Spanish journalist (1916–2004)

Encarnación Margarita Isabel Verdugo Díez (19 November 1918 – 6 February 2004), popularly known as Margarita Landi, was a Spanish journalist.

==Professional career==
Margarita Landi was one of the first women to specialize in the journalistic genre of crime reporting, which had traditionally been limited to men. Her diploma in criminology helped her to excel in this field.

Widowed at age 28, her career began shortly thereafter. Following the Spanish Civil War, Landi worked in the magazine of Sección Femenina, El Ventanal, between 1947 and 1948. From there she went to La Moda de España (1948–1954), as a chronicler of haute couture and society, also contributing to the newspaper Informaciones and the magazine Esfera Mundial.

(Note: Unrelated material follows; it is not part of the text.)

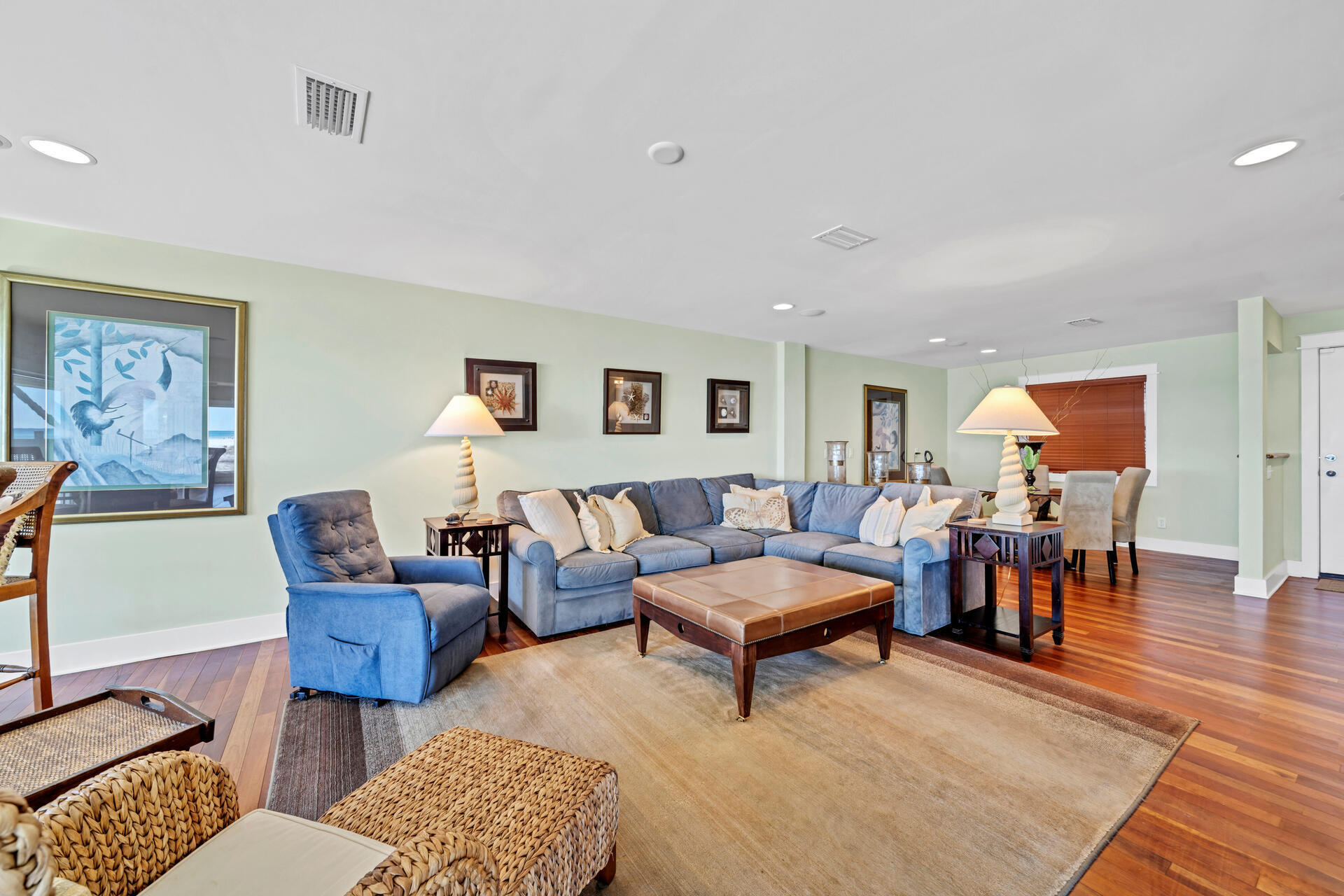WHITECAPS T/H UNREC - Residential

In 1955 she joined the newspaper El Caso, which had been founded three years earlier by Eugenio Suárez, where she remained for 25 years. It was from that moment that she began to cultivate the image for which she was known: a sophisticated and reflective blonde woman who smoked a pipe and raced to crime scenes in a black Volkswagen convertible.

She enjoyed excellent relations with the police, which allowed her access to detailed information on cases which were the most shocking to the public. She was sometimes referred to as "sub-inspector Pedrito" to disguise her involvement in official investigations. She was also known as la rubia del deportivo (the sports blonde) and la dama del crimen (the crime lady). Her tenacity in examining crime scenes and interviewing witnesses was compared to that of American writer Truman Capote.

After the disappearance of El Caso, Landi began to write for the magazine Interviú in November 1980, and in 1988 she made the leap to television, with sporadic appearances on Televisión Española programs such as La palmera (1991), Código uno (1993–1994), and Así son las cosas (2000–2002). She also directed and presented her own program on Telemadrid, Mis crímenes favoritos (1992).

She wrote several books, including Cosas de la vida, Una mujer junto al crimen, Crímenes sin castigo, Puerta del Sol, 2.30, Crónica sangrienta, and Memorias. 35 años de crimen en España.

Margarita Landi retired from journalism in 2002.

==Personal life==
Born Encarnación Margarita Isabel Verdugo Díez, she adopted the surname Landi in reference to her ancestor, journalist Verdugo Landi. She had three children, two of whom died at a young age. In her later years she lived with her surviving son, Ángel Torres.

Margarita Landi died in Albandi on 6 February 2004 at age 85. She had experienced complications after an operation for osteoarthritis in 2002, and never fully recovered.